Task: Write out exactly the lines from the one holding "for Lanus® Drone" to the last line of the entries, both ends included and nothing else, without the pictures.

*** Exercise materials Section Begins ***

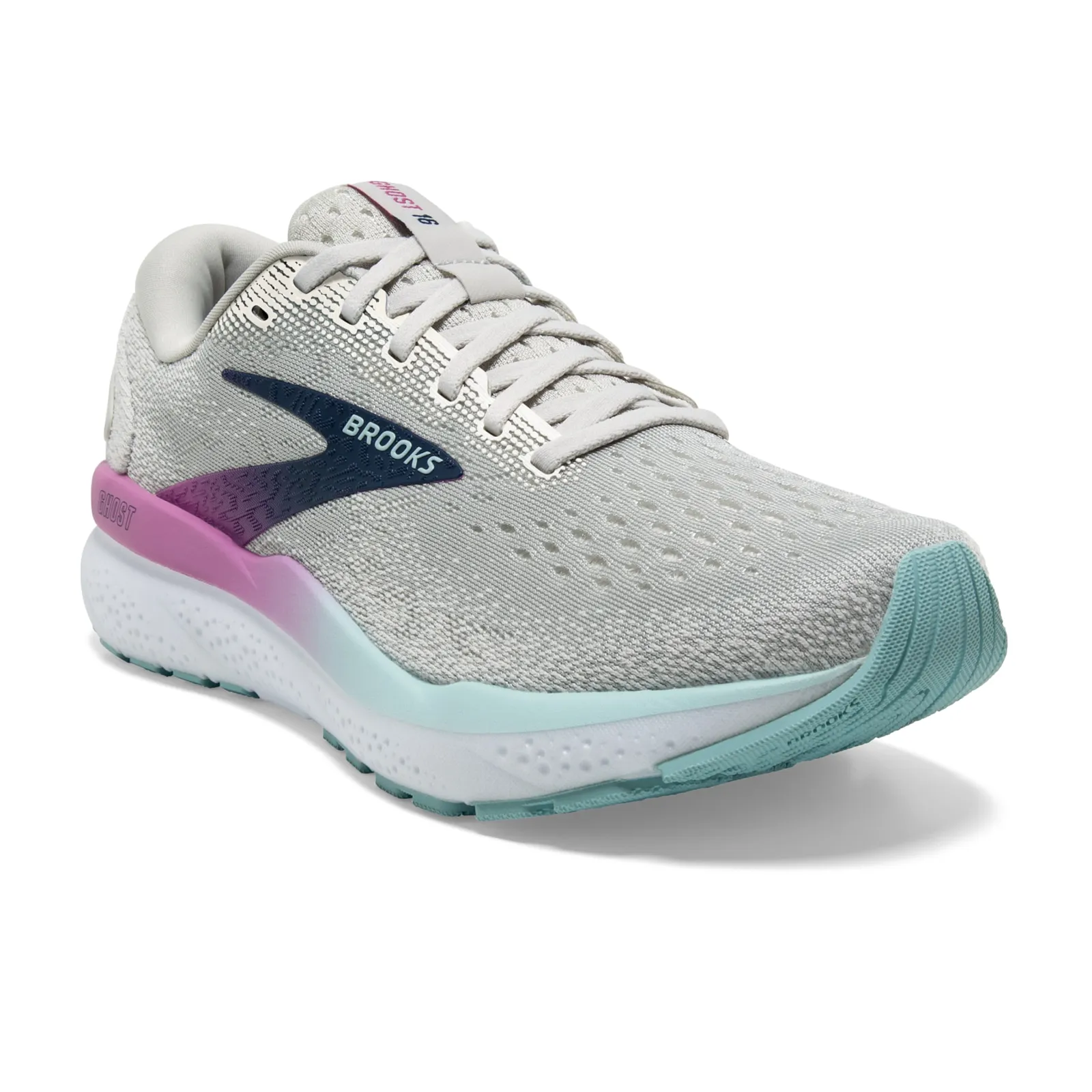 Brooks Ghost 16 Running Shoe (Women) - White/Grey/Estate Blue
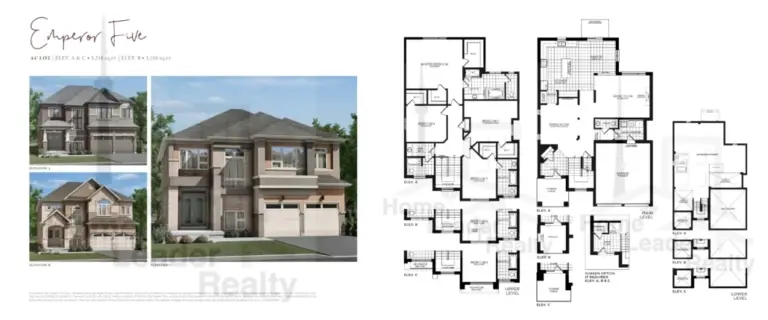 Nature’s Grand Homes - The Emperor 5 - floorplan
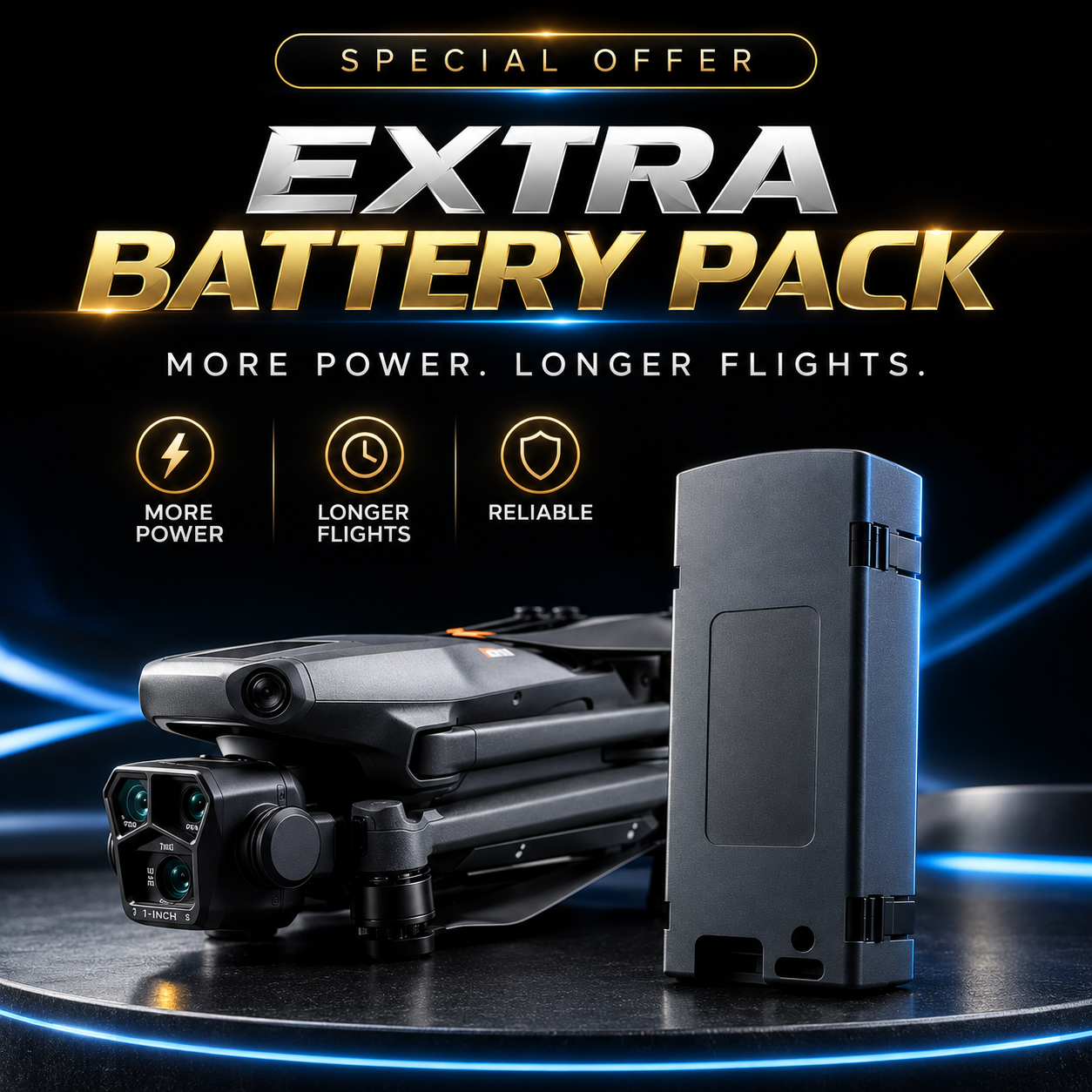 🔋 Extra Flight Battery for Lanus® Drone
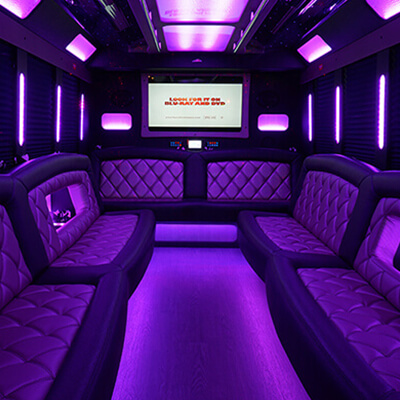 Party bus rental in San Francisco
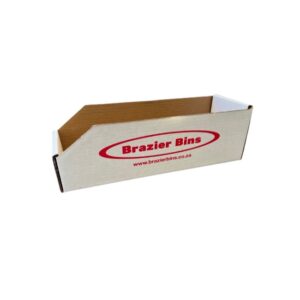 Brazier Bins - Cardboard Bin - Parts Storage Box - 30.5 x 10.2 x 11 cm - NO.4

*** Exercise materials Section Ends ***

Output of the task:
 🔋 Extra Flight Battery for Lanus® Drone
 Party bus rental in San Francisco
 Brazier Bins - Cardboard Bin - Parts Storage Box - 30.5 x 10.2 x 11 cm - NO.4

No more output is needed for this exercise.